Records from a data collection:
____________

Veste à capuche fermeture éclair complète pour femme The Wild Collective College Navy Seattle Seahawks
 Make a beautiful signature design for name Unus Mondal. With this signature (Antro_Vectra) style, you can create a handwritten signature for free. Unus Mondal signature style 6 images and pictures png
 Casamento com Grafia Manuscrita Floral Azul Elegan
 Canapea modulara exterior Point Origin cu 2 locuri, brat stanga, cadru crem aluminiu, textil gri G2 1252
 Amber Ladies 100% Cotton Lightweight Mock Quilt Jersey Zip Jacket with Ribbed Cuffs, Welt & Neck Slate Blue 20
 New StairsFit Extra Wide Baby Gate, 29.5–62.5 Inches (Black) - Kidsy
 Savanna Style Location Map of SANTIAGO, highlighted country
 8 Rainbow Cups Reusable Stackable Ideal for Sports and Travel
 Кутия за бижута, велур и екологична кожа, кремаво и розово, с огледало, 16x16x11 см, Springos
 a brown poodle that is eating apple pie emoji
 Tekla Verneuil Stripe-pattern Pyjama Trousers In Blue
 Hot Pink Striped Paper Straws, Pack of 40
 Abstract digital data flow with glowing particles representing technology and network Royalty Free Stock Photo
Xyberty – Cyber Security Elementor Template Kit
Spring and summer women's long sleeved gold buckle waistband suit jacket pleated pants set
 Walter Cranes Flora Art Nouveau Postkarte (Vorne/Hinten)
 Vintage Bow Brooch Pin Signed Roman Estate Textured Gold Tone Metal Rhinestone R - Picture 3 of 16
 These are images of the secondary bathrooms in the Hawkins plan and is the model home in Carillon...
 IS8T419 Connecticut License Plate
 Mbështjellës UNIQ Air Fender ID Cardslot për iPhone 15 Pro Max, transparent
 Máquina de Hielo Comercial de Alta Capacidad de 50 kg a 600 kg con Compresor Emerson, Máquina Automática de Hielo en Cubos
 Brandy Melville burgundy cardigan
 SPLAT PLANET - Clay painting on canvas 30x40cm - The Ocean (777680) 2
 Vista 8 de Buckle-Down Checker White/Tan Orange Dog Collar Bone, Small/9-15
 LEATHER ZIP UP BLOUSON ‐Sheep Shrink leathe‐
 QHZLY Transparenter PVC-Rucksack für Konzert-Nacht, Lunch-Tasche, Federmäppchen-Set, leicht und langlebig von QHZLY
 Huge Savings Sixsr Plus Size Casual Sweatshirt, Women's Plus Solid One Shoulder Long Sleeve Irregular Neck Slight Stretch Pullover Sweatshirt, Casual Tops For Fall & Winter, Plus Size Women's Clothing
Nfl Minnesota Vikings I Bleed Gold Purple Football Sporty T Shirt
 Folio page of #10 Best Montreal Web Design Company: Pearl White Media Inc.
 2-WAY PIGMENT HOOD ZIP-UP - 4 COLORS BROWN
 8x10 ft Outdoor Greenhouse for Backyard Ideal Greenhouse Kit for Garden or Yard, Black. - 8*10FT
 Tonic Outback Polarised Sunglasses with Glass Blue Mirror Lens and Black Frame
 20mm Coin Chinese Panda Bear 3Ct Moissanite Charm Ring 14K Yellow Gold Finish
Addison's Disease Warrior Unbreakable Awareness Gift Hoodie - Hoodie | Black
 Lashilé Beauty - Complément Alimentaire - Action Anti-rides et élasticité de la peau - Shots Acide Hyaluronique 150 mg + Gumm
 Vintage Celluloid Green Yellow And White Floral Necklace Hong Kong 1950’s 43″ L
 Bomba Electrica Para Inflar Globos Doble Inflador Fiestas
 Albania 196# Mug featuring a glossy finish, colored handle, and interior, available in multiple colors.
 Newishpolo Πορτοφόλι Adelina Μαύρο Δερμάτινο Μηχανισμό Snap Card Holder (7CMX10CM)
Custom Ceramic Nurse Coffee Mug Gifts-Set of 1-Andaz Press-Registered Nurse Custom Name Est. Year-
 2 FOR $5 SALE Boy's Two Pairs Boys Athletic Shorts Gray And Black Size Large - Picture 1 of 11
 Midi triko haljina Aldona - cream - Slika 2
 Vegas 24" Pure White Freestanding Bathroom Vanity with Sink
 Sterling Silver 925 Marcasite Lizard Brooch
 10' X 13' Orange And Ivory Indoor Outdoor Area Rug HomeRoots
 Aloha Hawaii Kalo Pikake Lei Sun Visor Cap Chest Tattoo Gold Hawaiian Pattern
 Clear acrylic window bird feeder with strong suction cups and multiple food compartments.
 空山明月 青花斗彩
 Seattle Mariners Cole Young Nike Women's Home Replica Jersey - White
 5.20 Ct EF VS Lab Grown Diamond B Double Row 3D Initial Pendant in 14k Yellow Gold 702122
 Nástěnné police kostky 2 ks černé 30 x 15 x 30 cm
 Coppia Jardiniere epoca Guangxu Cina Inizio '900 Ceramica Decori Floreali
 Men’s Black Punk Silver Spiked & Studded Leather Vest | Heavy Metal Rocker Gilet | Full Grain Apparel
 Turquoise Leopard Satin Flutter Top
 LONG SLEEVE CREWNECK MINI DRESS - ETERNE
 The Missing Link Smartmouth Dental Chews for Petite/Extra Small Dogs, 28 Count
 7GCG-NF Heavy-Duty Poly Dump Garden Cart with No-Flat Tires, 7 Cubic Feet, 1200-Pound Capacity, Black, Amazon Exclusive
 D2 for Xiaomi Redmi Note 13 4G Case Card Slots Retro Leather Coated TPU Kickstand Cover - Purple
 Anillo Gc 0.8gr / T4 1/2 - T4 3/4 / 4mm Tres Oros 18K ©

____________

* [Try it]: Every record must be output again with its wording unchanged.

* [Problem solution]:
Veste à capuche fermeture éclair complète pour femme The Wild Collective College Navy Seattle Seahawks
 Make a beautiful signature design for name Unus Mondal. With this signature (Antro_Vectra) style, you can create a handwritten signature for free. Unus Mondal signature style 6 images and pictures png
 Casamento com Grafia Manuscrita Floral Azul Elegan
 Canapea modulara exterior Point Origin cu 2 locuri, brat stanga, cadru crem aluminiu, textil gri G2 1252
 Amber Ladies 100% Cotton Lightweight Mock Quilt Jersey Zip Jacket with Ribbed Cuffs, Welt & Neck Slate Blue 20
 New StairsFit Extra Wide Baby Gate, 29.5–62.5 Inches (Black) - Kidsy
 Savanna Style Location Map of SANTIAGO, highlighted country
 8 Rainbow Cups Reusable Stackable Ideal for Sports and Travel
 Кутия за бижута, велур и екологична кожа, кремаво и розово, с огледало, 16x16x11 см, Springos
 a brown poodle that is eating apple pie emoji
 Tekla Verneuil Stripe-pattern Pyjama Trousers In Blue
 Hot Pink Striped Paper Straws, Pack of 40
 Abstract digital data flow with glowing particles representing technology and network Royalty Free Stock Photo
Xyberty – Cyber Security Elementor Template Kit
Spring and summer women's long sleeved gold buckle waistband suit jacket pleated pants set
 Walter Cranes Flora Art Nouveau Postkarte (Vorne/Hinten)
 Vintage Bow Brooch Pin Signed Roman Estate Textured Gold Tone Metal Rhinestone R - Picture 3 of 16
 These are images of the secondary bathrooms in the Hawkins plan and is the model home in Carillon...
 IS8T419 Connecticut License Plate
 Mbështjellës UNIQ Air Fender ID Cardslot për iPhone 15 Pro Max, transparent
 Máquina de Hielo Comercial de Alta Capacidad de 50 kg a 600 kg con Compresor Emerson, Máquina Automática de Hielo en Cubos
 Brandy Melville burgundy cardigan
 SPLAT PLANET - Clay painting on canvas 30x40cm - The Ocean (777680) 2
 Vista 8 de Buckle-Down Checker White/Tan Orange Dog Collar Bone, Small/9-15
 LEATHER ZIP UP BLOUSON ‐Sheep Shrink leathe‐
 QHZLY Transparenter PVC-Rucksack für Konzert-Nacht, Lunch-Tasche, Federmäppchen-Set, leicht und langlebig von QHZLY
 Huge Savings Sixsr Plus Size Casual Sweatshirt, Women's Plus Solid One Shoulder Long Sleeve Irregular Neck Slight Stretch Pullover Sweatshirt, Casual Tops For Fall & Winter, Plus Size Women's Clothing
Nfl Minnesota Vikings I Bleed Gold Purple Football Sporty T Shirt
 Folio page of #10 Best Montreal Web Design Company: Pearl White Media Inc.
 2-WAY PIGMENT HOOD ZIP-UP - 4 COLORS BROWN
 8x10 ft Outdoor Greenhouse for Backyard Ideal Greenhouse Kit for Garden or Yard, Black. - 8*10FT
 Tonic Outback Polarised Sunglasses with Glass Blue Mirror Lens and Black Frame
 20mm Coin Chinese Panda Bear 3Ct Moissanite Charm Ring 14K Yellow Gold Finish
Addison's Disease Warrior Unbreakable Awareness Gift Hoodie - Hoodie | Black
 Lashilé Beauty - Complément Alimentaire - Action Anti-rides et élasticité de la peau - Shots Acide Hyaluronique 150 mg + Gumm
 Vintage Celluloid Green Yellow And White Floral Necklace Hong Kong 1950’s 43″ L
 Bomba Electrica Para Inflar Globos Doble Inflador Fiestas
 Albania 196# Mug featuring a glossy finish, colored handle, and interior, available in multiple colors.
 Newishpolo Πορτοφόλι Adelina Μαύρο Δερμάτινο Μηχανισμό Snap Card Holder (7CMX10CM)
Custom Ceramic Nurse Coffee Mug Gifts-Set of 1-Andaz Press-Registered Nurse Custom Name Est. Year-
 2 FOR $5 SALE Boy's Two Pairs Boys Athletic Shorts Gray And Black Size Large - Picture 1 of 11
 Midi triko haljina Aldona - cream - Slika 2
 Vegas 24" Pure White Freestanding Bathroom Vanity with Sink
 Sterling Silver 925 Marcasite Lizard Brooch
 10' X 13' Orange And Ivory Indoor Outdoor Area Rug HomeRoots
 Aloha Hawaii Kalo Pikake Lei Sun Visor Cap Chest Tattoo Gold Hawaiian Pattern
 Clear acrylic window bird feeder with strong suction cups and multiple food compartments.
 空山明月 青花斗彩
 Seattle Mariners Cole Young Nike Women's Home Replica Jersey - White
 5.20 Ct EF VS Lab Grown Diamond B Double Row 3D Initial Pendant in 14k Yellow Gold 702122
 Nástěnné police kostky 2 ks černé 30 x 15 x 30 cm
 Coppia Jardiniere epoca Guangxu Cina Inizio '900 Ceramica Decori Floreali
 Men’s Black Punk Silver Spiked & Studded Leather Vest | Heavy Metal Rocker Gilet | Full Grain Apparel
 Turquoise Leopard Satin Flutter Top
 LONG SLEEVE CREWNECK MINI DRESS - ETERNE
 The Missing Link Smartmouth Dental Chews for Petite/Extra Small Dogs, 28 Count
 7GCG-NF Heavy-Duty Poly Dump Garden Cart with No-Flat Tires, 7 Cubic Feet, 1200-Pound Capacity, Black, Amazon Exclusive
 D2 for Xiaomi Redmi Note 13 4G Case Card Slots Retro Leather Coated TPU Kickstand Cover - Purple
 Anillo Gc 0.8gr / T4 1/2 - T4 3/4 / 4mm Tres Oros 18K ©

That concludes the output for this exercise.